> _Your objective_: Make an exact copy of the lines from the one holding "Saga of the" through the end of the entries below, both ends kept, and of nothing else. Exclude pictures.

> _Exercise data_:
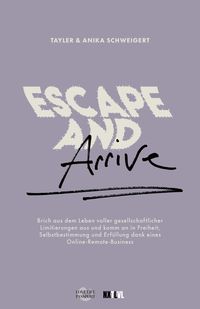 Escape and Arrive von Tayler Schweigert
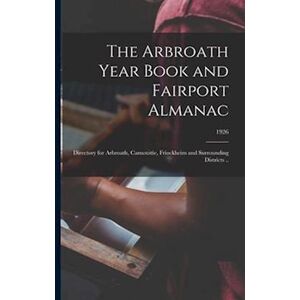 Anonymous The Arbroath Year Book And Fairport Almanac : Directory For Arbroath, Carnoustie, Friockheim And Surrounding Districts ..; 1926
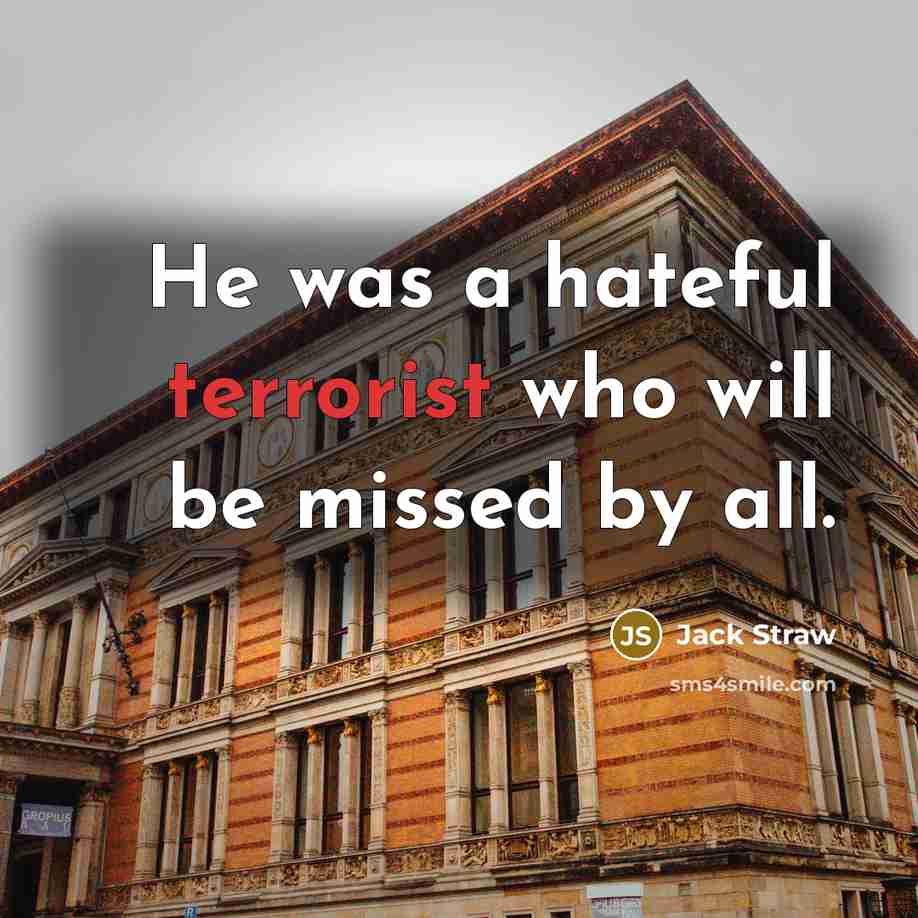 “He was a hateful terrorist who will be missed by…” quote by Jack Straw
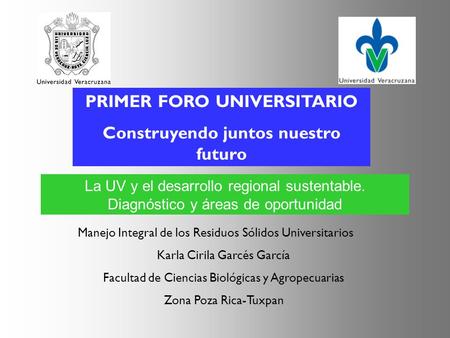 PRIMER FORO UNIVERSITARIO Construyendo juntos nuestro futuro La UV y el desarrollo regional sustentable. Diagnóstico y áreas de oportunidad Manejo Integral.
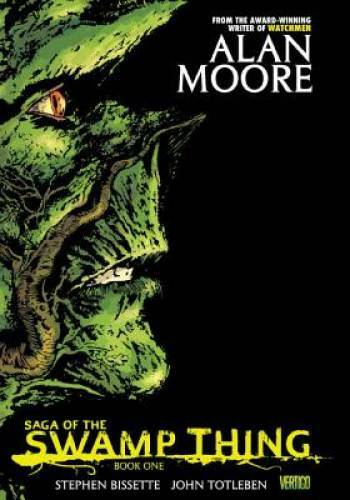 Saga of the Swamp Thing, Book 1 - Paperback By Alan Moore - GOOD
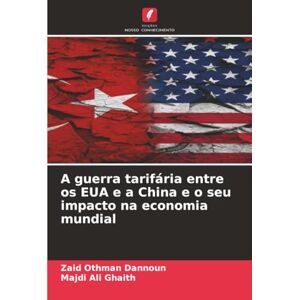 Dannoun, Zaid Othman A guerra tarifária entre os EUA e a China e o seu impacto na economia mundial Dannoun, Zaid Othman A guerra tarifária entre os EUA e a China e o seu impacto na economia mundial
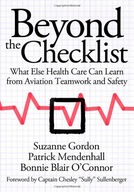 Beyond the Checklist: What Else Health Care Can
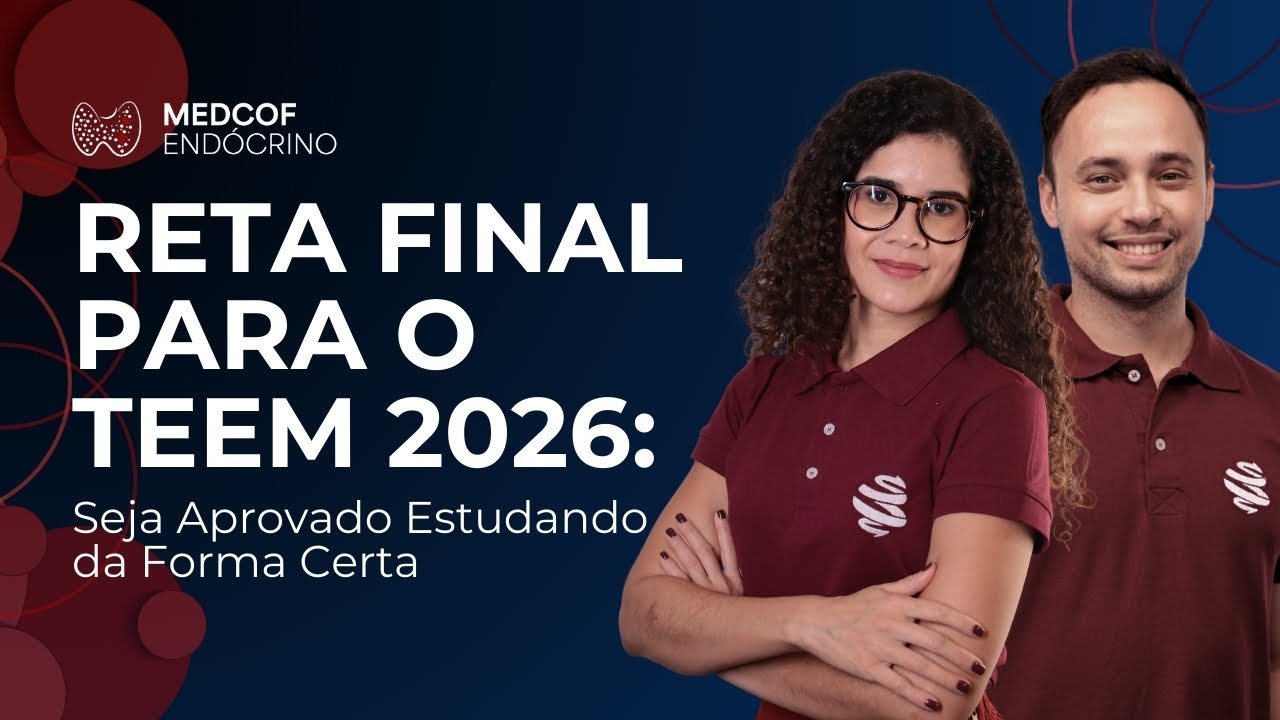 Reta Final para o TEEM 2026: Seja Aprovado Estudando da Forma Certa | #MedcofEndocrino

> _Answer section_:
 Saga of the Swamp Thing, Book 1 - Paperback By Alan Moore - GOOD
 Dannoun, Zaid Othman A guerra tarifária entre os EUA e a China e o seu impacto na economia mundial Dannoun, Zaid Othman A guerra tarifária entre os EUA e a China e o seu impacto na economia mundial
 Beyond the Checklist: What Else Health Care Can
 Reta Final para o TEEM 2026: Seja Aprovado Estudando da Forma Certa | #MedcofEndocrino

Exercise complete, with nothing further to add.